# Cantilever Pergola



## GottaFixIt (Dec 3, 2010)

Are you saying that you want to support it with just 2 posts in the back?


----------



## Sanna (Mar 14, 2016)

yes, only two posts. Any suggestions?


----------



## oh'mike (Sep 18, 2009)

I believe that the best solution will be a welded steel L shaped column--with the leg of the L on top to support the roof structure.

The frame must be stout and well anchored --even an open roof like a pergola will exert a lot of wind stress and uplift.


----------



## Sanna (Mar 14, 2016)

Location: Ontario, Canada

Thanks!


----------



## mako1 (Jan 7, 2014)

There are no dimensions on your drawings that I can see.HOw can anyone even guess what the load will be on a span with no dimensions?What type and size of joists and so on?


----------



## Bondo (Dec 8, 2007)

Ayuh,.... If ya only want 2 posts, move 'em to the center to balance the load,....


----------



## oh'mike (Sep 18, 2009)

Yep---having the posts at the back will require long posts ,well anchored--


----------



## GottaFixIt (Dec 3, 2010)

There is just a tremendous amount of force working against this design.
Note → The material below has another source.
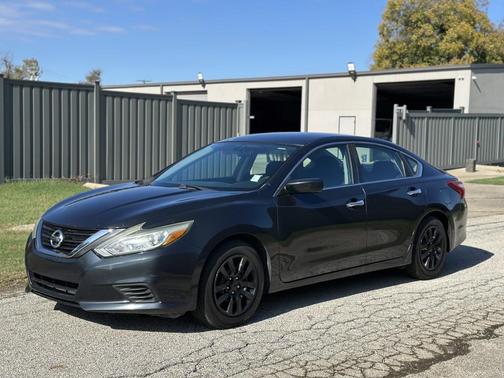 2016 Nissan Altima 2.5 S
Not only will the weight try like hell to warp the posts (bending/compression), but you also have to deal with a lot of stress on the attachment hardware (shear), twisting from wind (torque), and even the post settings working their way loose in the ground (this design is going to move around a lot from wind, etc).

Some large outriggers (supports angled up from the post to the roof) would help with 1 & 2, but it's still going to be swaying in the breeze. 

Here's a couple pics I found online:

















Notice the size of the post & the outriggers, but also that there are more than 2 posts at the back. This will help with the twisting motion. The designs are wide while the beams are short, unlike your initial design, which has more of a square shape.

I'm sure it's possible for an engineer to spec some serious supports to make your design work, but the simplest answer is to change the design.


----------



## red92s (Nov 14, 2012)

The weak link in a cantilever pergola is the post/ground connection. The roof framing is light enough that commonly available dimensional lumber and hardware would likely still perfectly adequate if properly arranged. But, the forces working to try and "tip" the posts become tremendous. There are a couple ways to really counteract that force, but the simplest is to embed the posts a LONG way into the ground . . . like 5 or 6 of embedment if the post is 8' tall. There are other ways, like tension cables on the backsides, or burying "feet" that entend out underground under the roof section.


----------